2021年8月12日、羽田圭介さんの新刊小説『Phantom』の1on1オンライン個別サイン会を開催しました。talkportを利用して、羽田さんが読者の方と1分間ビデオ通話でお話をしながら『Phantom』にサイン。サイン本は後日、参加者の皆様にお届けしました。ご自身初の試みになったこのサイン会について、羽田さんが体験記を書いてくださいました。
新型コロナが流行する前まで開かれていた通常のサイン会では、まず席から立ち上がってお辞儀し、サインを書き、お客さんと握手をしツーショット撮影に応えたあと会釈、という流れでずっとやってきた。会によっては、手作りクッキーを配ったりもしていた。書店や出版社主催のサイン会は東京や大阪だけで、それ以外の地域でのサイン会は、イベント等の仕事のついでとして開催したりしていた。

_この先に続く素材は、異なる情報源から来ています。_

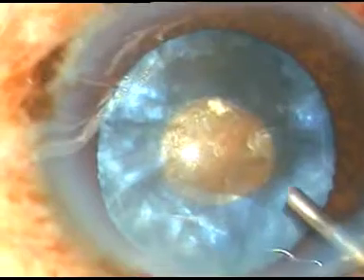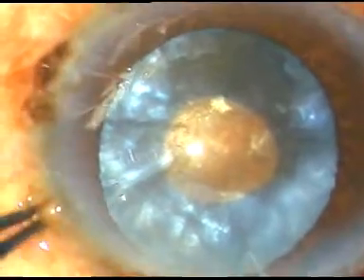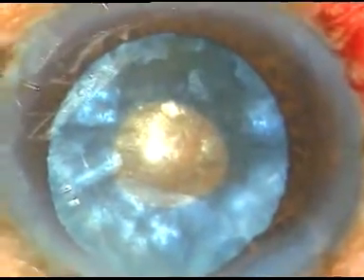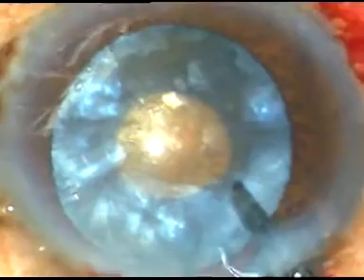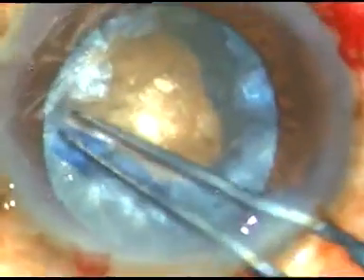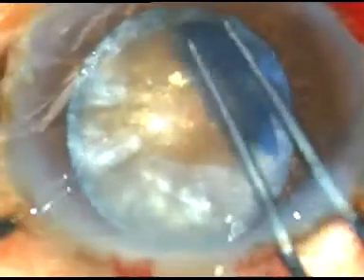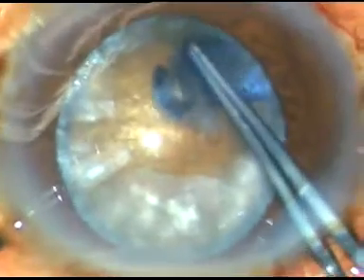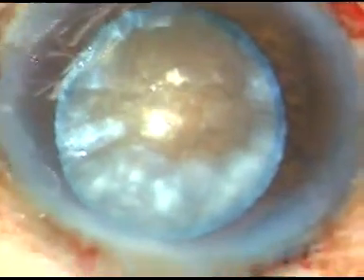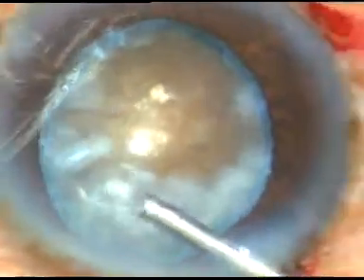Viscoelastic substance is then injected again. A Vannas scissor is taken and a small nick is made at the margin of this small rhexis. The utrata forceps is taken again, this tag is held, and in this case I'm going to do a large rhexis because I can see there is a hard brown big nucleus. I'm going almost along the border of the pupil and I have made a large rhexis. This will facilitate management of this hard nucleus.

だからほとんどの場合、東京や大阪でのサイン会のために、わざわざ新幹線や飛行機に乗り遠方からやって来てくださる方がいらっしゃり、申し訳ない気持ちにもなった。
それがオンラインサイン会だと、日本全国どころか海外の方とも簡単に話せる。今回実施して最も新鮮に感じたのは、お客さんの背景が画面越しに見えるということだ。今までは、サイン会場のテーブルに自分は二時間前後ずっと座ったまま、やって来るお客さんに応対していたわけだが、今回は自分のほうから、お客さんの生活圏内へお邪魔しているような気分だった。もう何回も来てくださる常連さんの背景が意外なものだったりして、生活が変わったのかなとか、そこから話題が広がったりした。
また、時間の枠が決まっているからこそ、参加してくださるお客さんたちは全員、会話が滞ることがなかった。開催時間中、皆さんと大いにおしゃべりを楽しめた。
コロナ禍での緊急事態宣言中に開かれた1on1でのオンラインサイン会だったが、事態が収束してからも、サイン会の一つの形として定着してゆくと思う。